Short descriptive text snippets:
━━━━━━━━━━━━━━━━

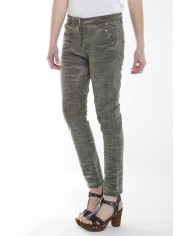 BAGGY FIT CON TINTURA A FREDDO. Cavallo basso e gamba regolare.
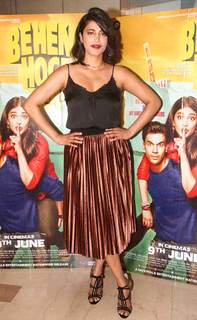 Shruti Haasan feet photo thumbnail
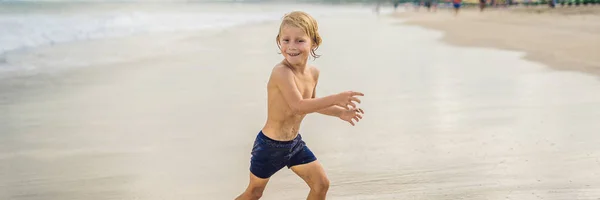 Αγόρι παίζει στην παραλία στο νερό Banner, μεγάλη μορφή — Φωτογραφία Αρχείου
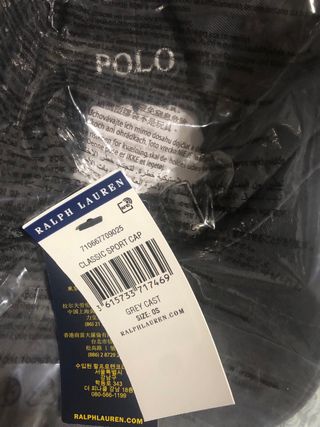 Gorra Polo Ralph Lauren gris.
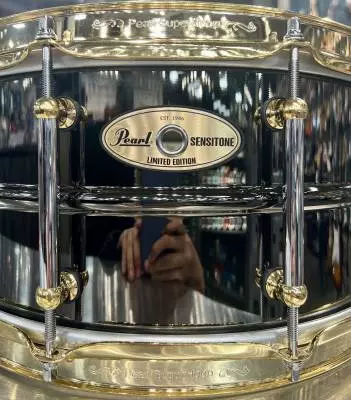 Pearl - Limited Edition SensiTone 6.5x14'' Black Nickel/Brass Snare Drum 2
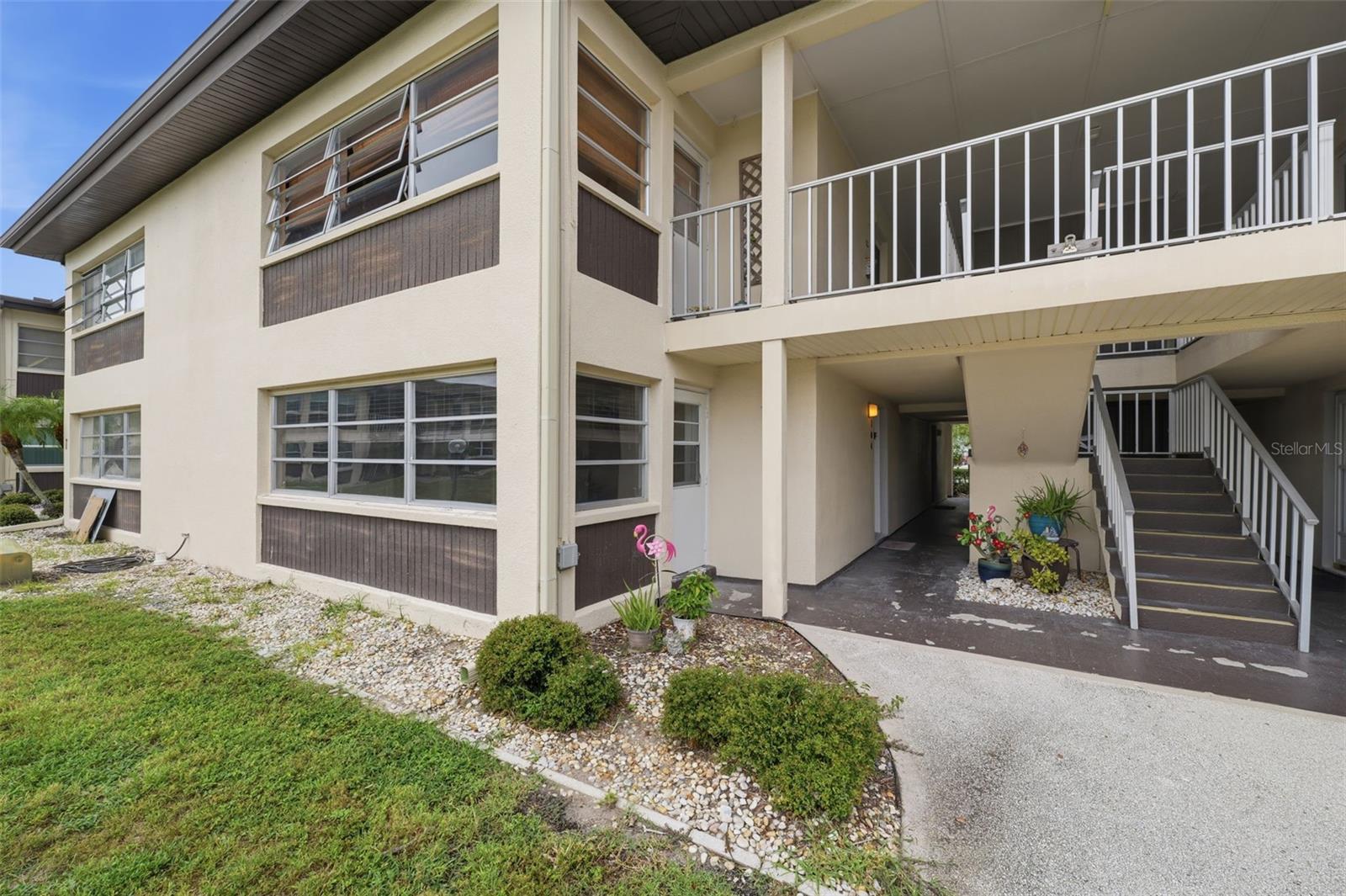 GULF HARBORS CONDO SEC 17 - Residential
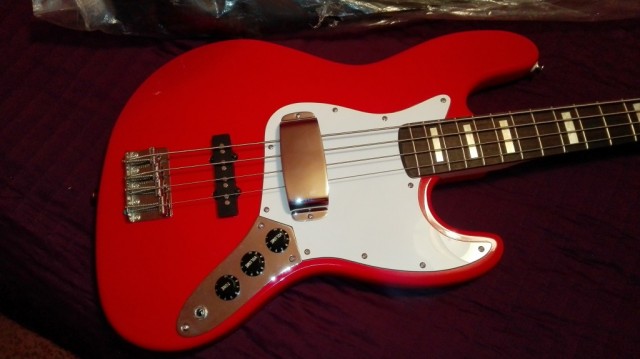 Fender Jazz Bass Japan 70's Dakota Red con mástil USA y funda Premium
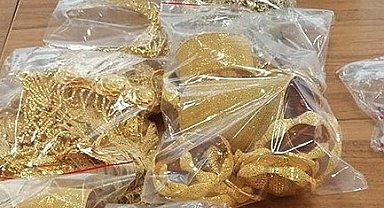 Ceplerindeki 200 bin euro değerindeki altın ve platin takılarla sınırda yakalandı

━━━━━━━━━━━━━━━━

Task to complete: All records above must be copied exactly, though the pictures they hold are to be left out.

Your response:
 BAGGY FIT CON TINTURA A FREDDO. Cavallo basso e gamba regolare.
 Shruti Haasan feet photo thumbnail
 Αγόρι παίζει στην παραλία στο νερό Banner, μεγάλη μορφή — Φωτογραφία Αρχείου
 Gorra Polo Ralph Lauren gris.
 Pearl - Limited Edition SensiTone 6.5x14'' Black Nickel/Brass Snare Drum 2
 GULF HARBORS CONDO SEC 17 - Residential
 Fender Jazz Bass Japan 70's Dakota Red con mástil USA y funda Premium
 Ceplerindeki 200 bin euro değerindeki altın ve platin takılarla sınırda yakalandı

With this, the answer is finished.